## WHAT NEEDS TO BE DONE
Your answer is the lines below, exactly, from the one that contains "The garden gate" through the one that contains "An Art Deco", both included.

## DATASET EXTRACT
=======

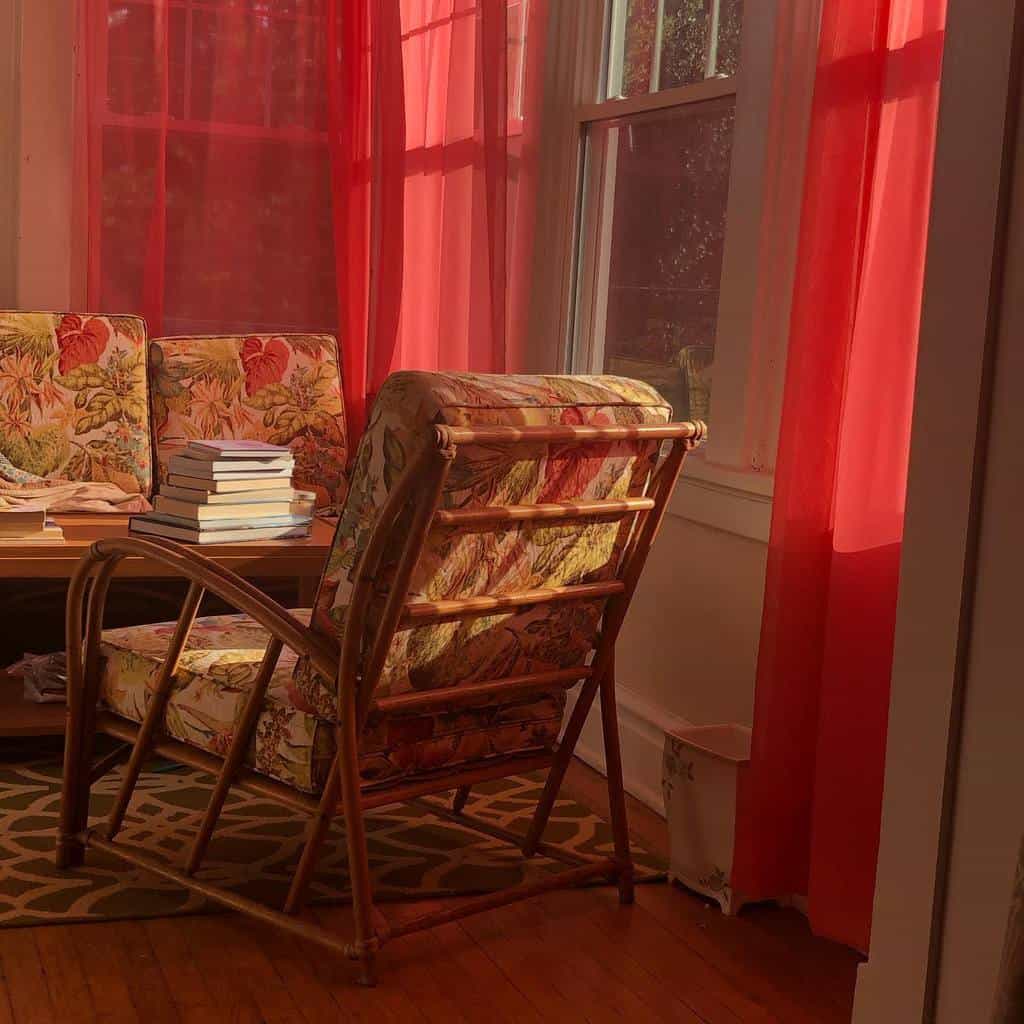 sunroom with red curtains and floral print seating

=======

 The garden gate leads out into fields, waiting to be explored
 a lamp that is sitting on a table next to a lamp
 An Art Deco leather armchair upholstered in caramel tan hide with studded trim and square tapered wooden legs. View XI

=======

## WRITTEN SOLUTION
 The garden gate leads out into fields, waiting to be explored
 a lamp that is sitting on a table next to a lamp
 An Art Deco leather armchair upholstered in caramel tan hide with studded trim and square tapered wooden legs. View XI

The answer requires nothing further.